花鸣公主转过身,对着铜镜重新打量自己的容貌,最后目光落在自己微隆的小腹上。
她伸手轻轻覆上去,不知在想什么,脸上的笑意一点一点淡了下去。
过了好一会儿,她吩咐春禾:“去打听一下,驸马在宫里谈得怎么样了,若是回来了,让他直接来见我。”
春禾低声应了。
很快,春禾带来消息。
皇帝果真被卓玉说动,要暂且留下康知遇和那女皇亲外甥的性命。
并且,似乎盘算着要从北梁撕下一块肉来,否则,绝不会将人质送还回去。
花鸣公主拧眉:“既然事情谈妥了,怎么驸马还不回来?”
春禾低着头,小心翼翼回答:“听说驸马是去诏狱那边了,肯定是看那些犯人去了。

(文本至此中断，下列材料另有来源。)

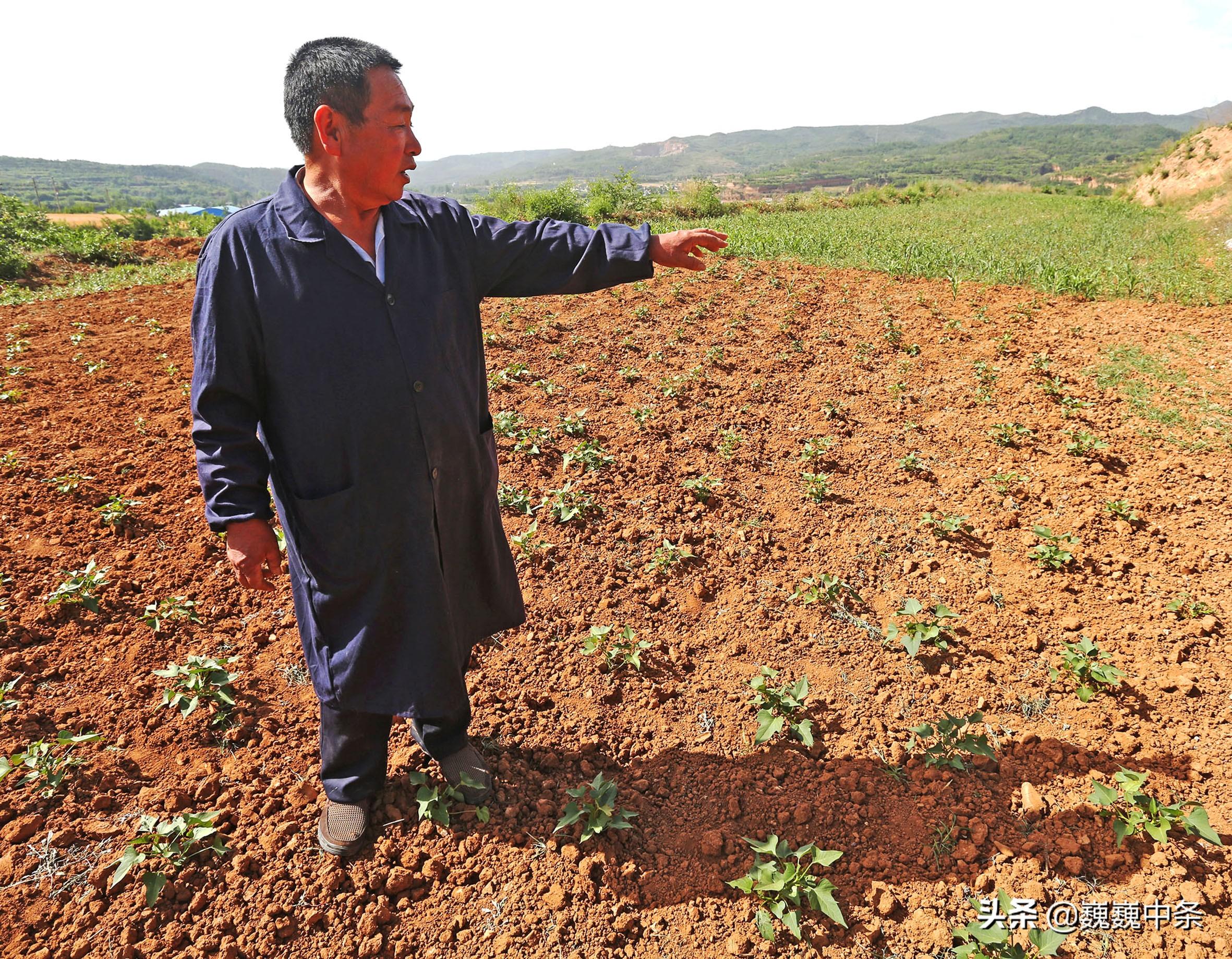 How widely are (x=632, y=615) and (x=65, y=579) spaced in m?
2.76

”
花鸣公主的脸色瞬间变得阴云密布。
春禾察觉出主子的情绪不对,连忙劝说:“公主殿下,您现在还怀着身孕,可不能动气,前不久大皇子送来了西域珍宝九连珠,奴婢拿来给您把玩可好?”
花鸣公主根本没有心情玩。
“你马上就去诏狱传话,把驸马给我叫回来!就说我肚子疼,他若不回来,就等着看我一尸两命吧。”
“公主……这赌咒的话可说不得!”
“让你去就去!哪里那么多废话?”
春禾挨了骂,急忙领命退下。
远在北梁的许靖央,已经出发离开都城了。
恰好萧贺夜带着两个孩子去接洽制盐的事,所以也不在都城中。
许靖央写了一封信留下,让叶鞘派人送去给萧贺夜。
她带人顺水路要走近海那条线。
临登船前,寒露又得来线报。
“大将军,定国公贺兰禹派人去了大燕,听说正在打探您以前的消息。”
许靖央凤眸冷漠:“他又发什么疯?”
她过去的事,没有把柄,也没有任何可以让人拿捏的地方。
贺兰禹这个诡计多端的老滑头又想干什么?
寒露皱眉:“要不要将他的人都杀了?”
“不必理会,”许靖央淡漠道,“他喜欢查就让他查,真假虚实交替着给他。”
如此一来正好,分化贺兰禹的注意力,省得她不在都城,司天月和张秉白他们还要分出精力来防备他。
不过,许靖央算算时间。
他上次给了张秉白一份名单,想来不过几天后,那十名被选中培养储君的人,应该就要入宫了。